Aug 10 2017 Published by under Conferences, information analysis

You guys - this post has been in draft since May 22, 2017! I'm just posting it...

Collections as Data: Hack-to-Learn was a fabulous workshop put on by the Library of Congress, George Washington University Libraries, and George Mason University Libraries. It was a neat gathering of interesting and talented people, nifty data, and very cool tools.  It didn't hurt either that it was in a beautiful conference room with a view of the Capitol the first day and at the renovated Winston Churchill Center at GWU the second. A lot of it was geared toward metadata librarians and digital humanities librarians, but I felt welcomed. Readers of this blog will know that I really want to bring these tools to more public services/liaison/etc., librarians so it was good.

Unfortunately, I had to leave mid-day on day 2 because of a family emergency 🙁 (everybody is ok) but here are some interesting tidbits to save and share.

Data Sets:

LoC MARC Records

Have you heard that LoC freed a ton of their cataloging data? FREE. Should have always been freely available. Actually this is only up to December 2013 and the remainder are still under paid subscription ... but ... still! People are already doing cool things with it (neat example).

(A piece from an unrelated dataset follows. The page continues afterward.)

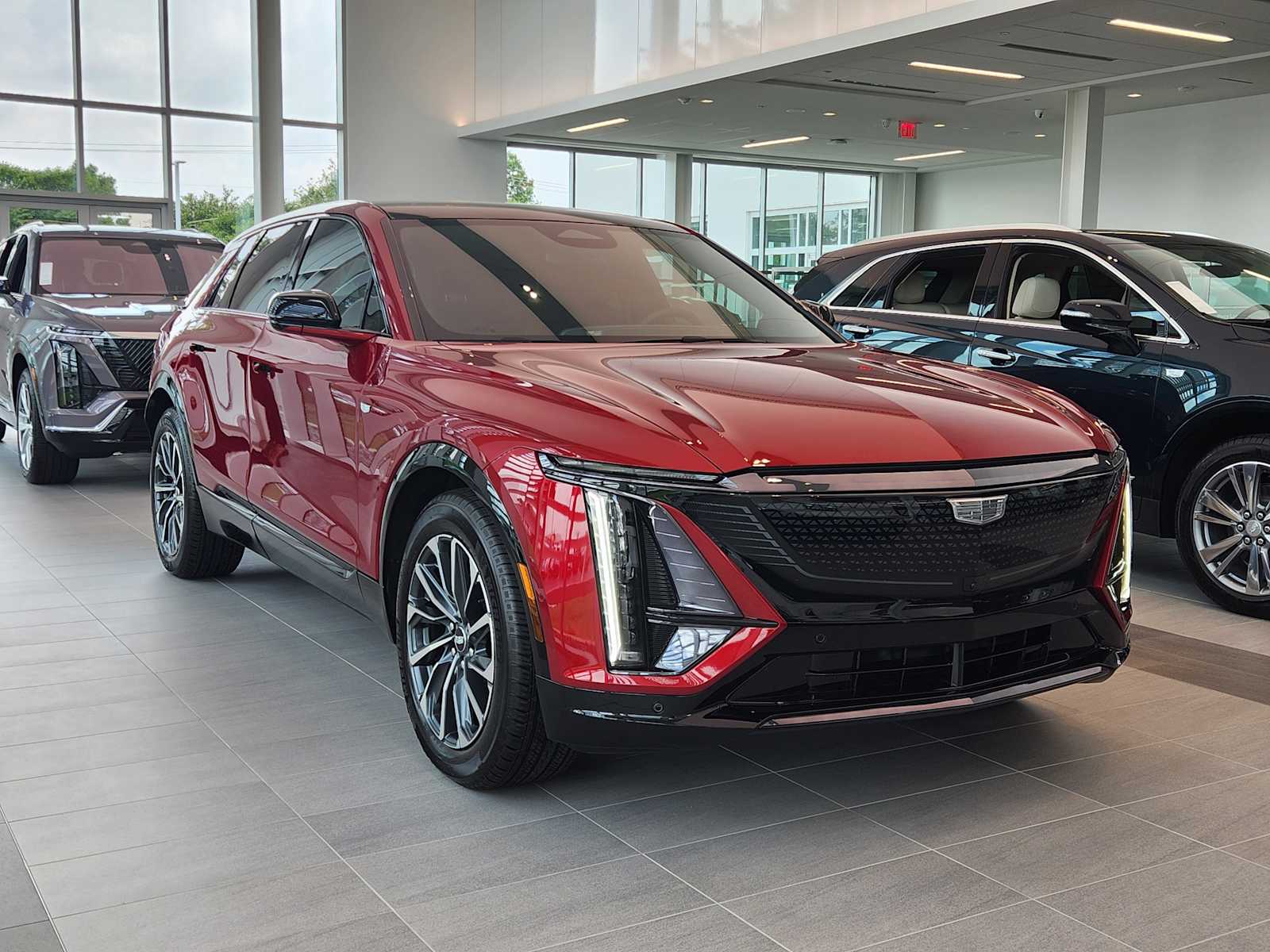 Used 2025 Cadillac LYRIQ Sport 1 with VIN 1GYKPURLXSZ310674 for sale in Grapevine, TX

We had a part of this that the organizers had kindly already done some editing on.

Phyllis Diller Gag File

This was a sort of poorly formatted csv of several drawers of the file. Hard not to just sit and chuckle instead of analyzing

Eleanor Roosevelt's My Day Columns

Apparently Roosevelt wrote these from the 1930s to her death in 1962. Originally she wrote them 5 days a week but tapered to 3 when her health failed. They are a few paragraphs and more or less dryly list her activities.

End of Term Tumblr Archive (no link)

This was archived as part of the efforts to capture the outgoing administration's stuff before it disappeared. It was a very interesting collection of things from museums to astronauts.

 

Somewhere in here we covered TEI - I had no idea this existed. How cool. So like when you're doing transcripts of interviews you can, for example, keep the erm, uh, coughs... or ignore depending on the level of analysis?  TEI lets you annotate texts with all sorts of detail and make it linked data for entities, etc.

Tools:

  • OpenRefine - more detailed use and examples of reconciliation
  • Voyant - very, very cool tool to at least do preliminary analysis of text. NB: installing on my work windows machine was a bit rough. I ended up getting a Linux VM and it works well/easily. The visualizations are great. Limitation in number of texts you can import at a time.
  • MALLET - did you think this one was too hard and required java or some such? Turns out there's a command line one anyone can use. We did topic models for some of the sets. I think I will probably stay with the way I've been doing them in R because seems like they're easier to understand.
  • Gephi - yeah, again, and i still can't get along with it. I have to face that it's just me.
  • Carto - a cool mapping tool

Also, day 2 someone suggested spaCy instead of NLTK for natural language processing in Python. This is another thing I couldn't get working for anything on my windows box from work. I don't know if there is something being blocked or what. Installs and works beautifully on the Linux machine, though.